Benjamin Scheuer rewriting himself
For Benjamin Scheuer, the message his music embodies is more important than the mathematical form. That's not to say that his music doesn't have a strong conception of form, but the musicians are allowed their freedom within it. In the room of his oeuvre, one corner is devoted to Überzeichnungen, or the ‘re-writing’ of other music. In that corner, a pile of solo works and chamber music for live-instruments and tape steadily accumulates. That last – tape – is an important aspect. ‘Musicians converse with pre-recorded soundfiles in which they often play the same piece in an older version’, Scheuer explains. ‘The pieces were composed in several steps, in each of which the preceding stage was overwritten with new material.’ He builds his Überzeichnungen III up in layers, like a cake, in which 'the former layer still shimmers through the music'; he takes fragments from earlier movements from the same series and drapes new music over them.
‘We are able to listen to different stages of the development of the same material at the same time. Sometimes we hear an idea still in its first raw shape and at other times the sections of the music are a result of multiple layering and filtration.’
The reflections on earlier work can be seen in a brief quote from Scheuer's piano trio Werkstatt, which had its premier on 25 January 2012 in Hamburg, played by the Saguaro Trio. [...]

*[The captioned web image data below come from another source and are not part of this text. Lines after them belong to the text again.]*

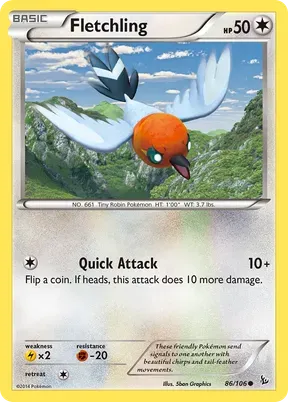 Fletchling #86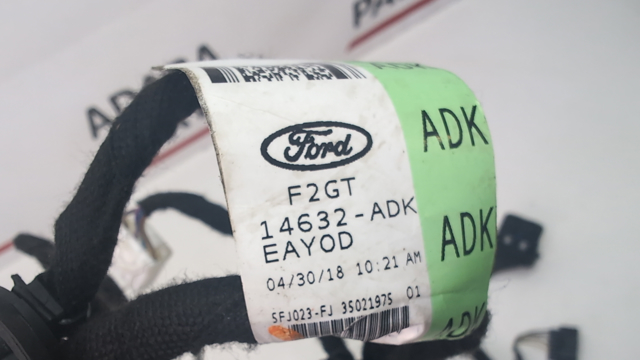 Електропроводка задніх дверей F2GZ14630H FORD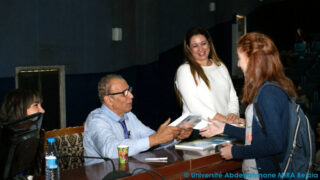 Photos prises lors de la conference animee par Mr Rachid AMOUKRANE le 26 octobre 2015 056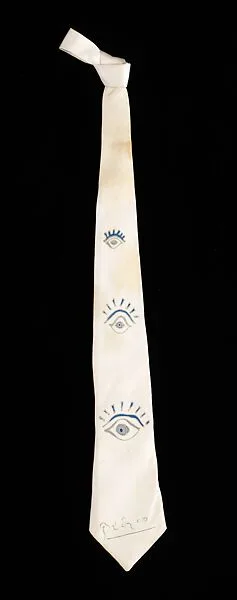 Necktie — Pablo Picasso|J. C. D'Ahetze
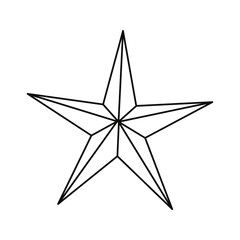 Wall Mural - star award linear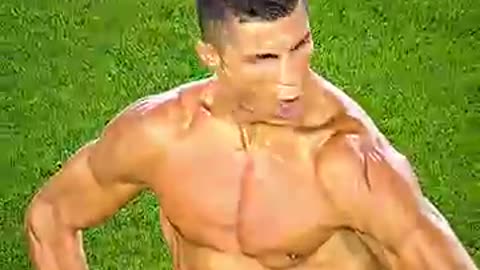 Messi's reaction to Ronaldo's goal ☠️ #cristiano #football #messi #ronaldo #cr7 #edit #trending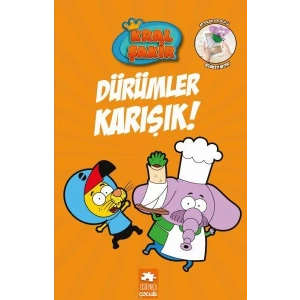 KRAL ŞAKİR 6 DÜRÜMLER KARIŞIK
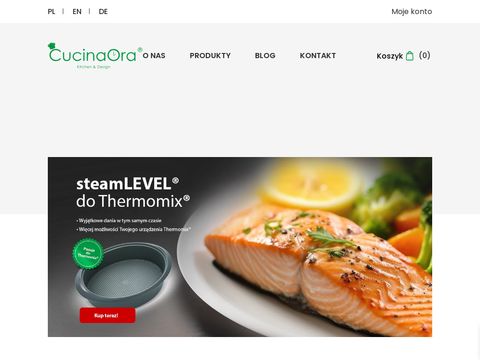 Cucinaora.com - akcesoria do Termomixa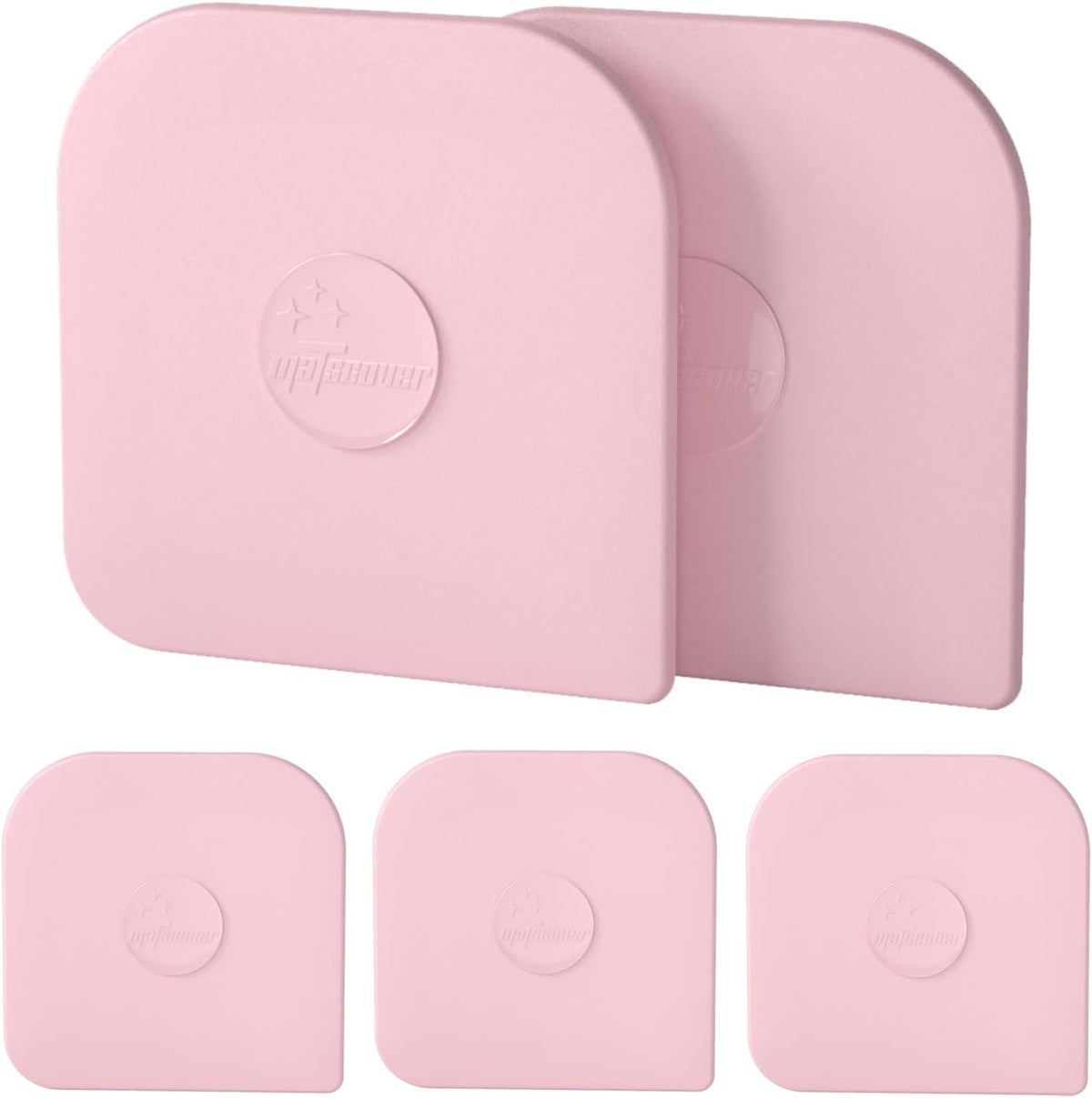 Pan Scraper, Pot & Dish Scraper Plastic, Sturdy Scraper Kitchen Tool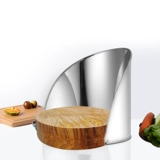 Базовая кухонная режущая доска всплеска -Проницаемые круглые корпусы блоки корпуса, блокирующие пирс ограждения из нержавеющей стали.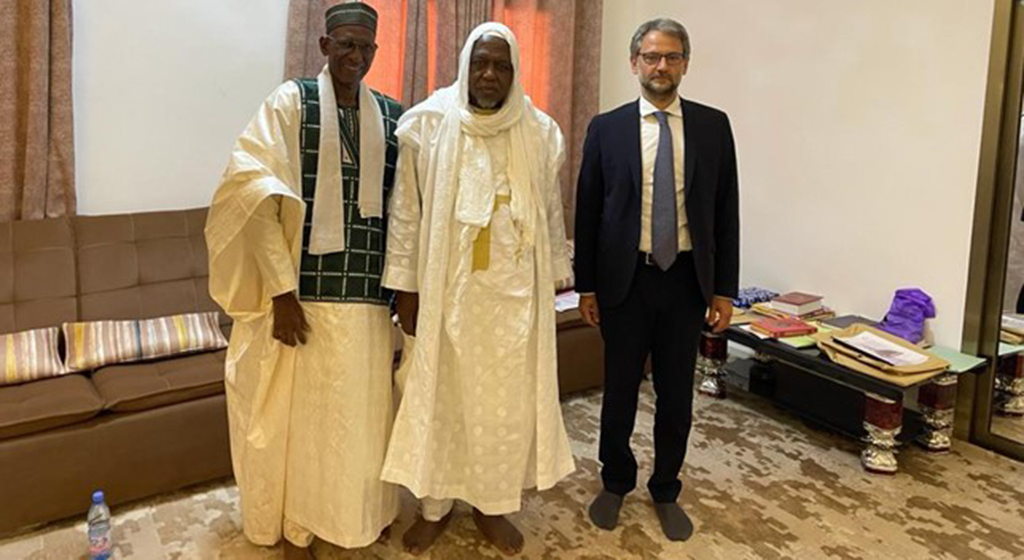 Una delegación de Sant'Egidio viaja a Mali para abrir nuevas vías de diálogo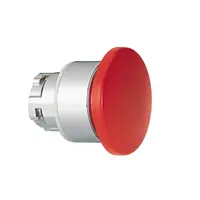 Cap buton ciuperca , Ø22MM 8LM METAL SERIES, diametru, Ø40MM. RED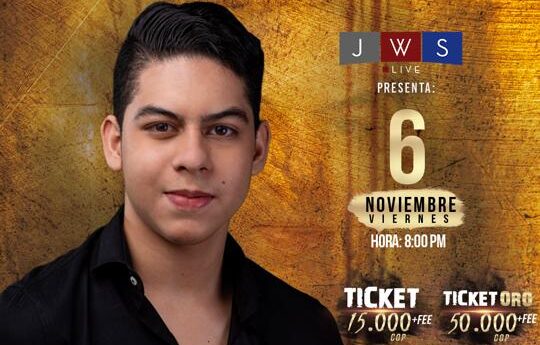 Prográmese para los conciertos virtuales y presenciales confirmados para este fin de semana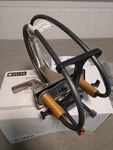 Delta Ashlyn Two Handle Centerset Bathroom Faucet Stainless Steel With Pp Drain. Fixed Price $109.99.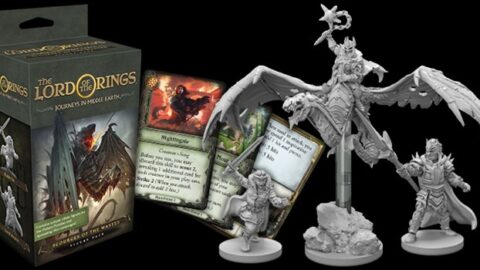 Fantasy Flight Announces New DLC and Figure Pack for Journeys in Middle-earth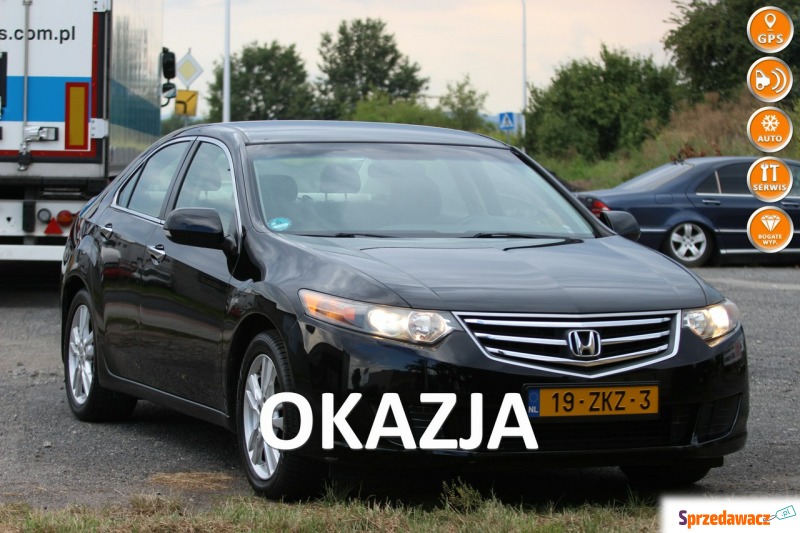 Honda Accord - 2008r. 2.0 Benzyna Zadbany 156km... - Samochody osobowe - Nysa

In reference books of 'Wichtige Wörter', 'Überzeichnungen' is assigned a range of meanings, including 'the exaggeration which is typical of the caricature'. Scheuer correctly identifies that element of caricature as a regularly returning aspect of his work. The musicians imitate the sound of a humming top in Überzeichnungen III and use 'the harmonic characteristics and timbre as the basis for new material', as he explains. A constantly developing organic structure is the result, in which the sound of the humming top, so illustrious here in the Netherlands, marks beginning and end of each cycle. Hence the subtitle 'Circles'.